Wednesday, June 8, 2011

Modern French

I like thinking back to a time when I did not know something that I now know. When it is something that I ended up knowing well and that I have enjoyed for most of my adult life, I can be curious about that earlier John -- the John whose wonder and desire to know were not yet transformed by the effort of learning.

An eager student in high school, I regularly paged through a textbook the very week I purchased it. Before any teacher's lesson plans or quizzes or quarterly tests could make some pages and charts and photographs more familiar than others, I liked seeing things for myself.

I knew there was a likelihood that the final chapters of a textbook would escape even the most conscientious syllabus. There is about the final fifty or a hundred pages of a textbook what I can only describe as a mood of loneliness. Some vocabulary will always remain unmastered; some laboratory experiments will never be done; some short story will survive at best as a solitary summer read.
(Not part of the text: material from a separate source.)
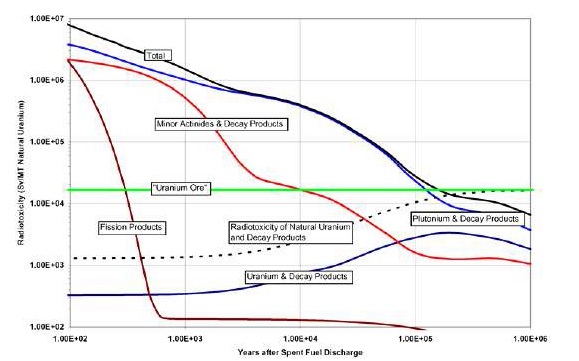 그림 44. Radiotoxicity evolution in time and its components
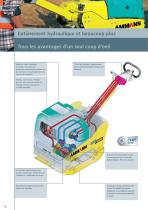 Plaques vibrantes 367?747 kg entièrement hydrauliques APH 5020/6020/1000 TC - 8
Modern French (1964) by Dan Desberg and Lucette Rollet Kenan was selected by the American Institute of Graphic Arts for inclusion in its collection Fifty Books of the Year (1965). In the academic year 1969-1970, my freshman year in college, I used this textbook in French 101. Click on the photograph for greater detail.

You can view this page in AIGA Design Archives. Among other features described by the archives, Modern French boasts a cover "stamped in blue ink and black leaf."

When we emptied my parents' house in 2004, I uncovered my copy of the textbook. There is a stateliness to the design. I am happy these days to see on my shelves the simple Baskerville typeface, the title in blue on the tan spine of the book.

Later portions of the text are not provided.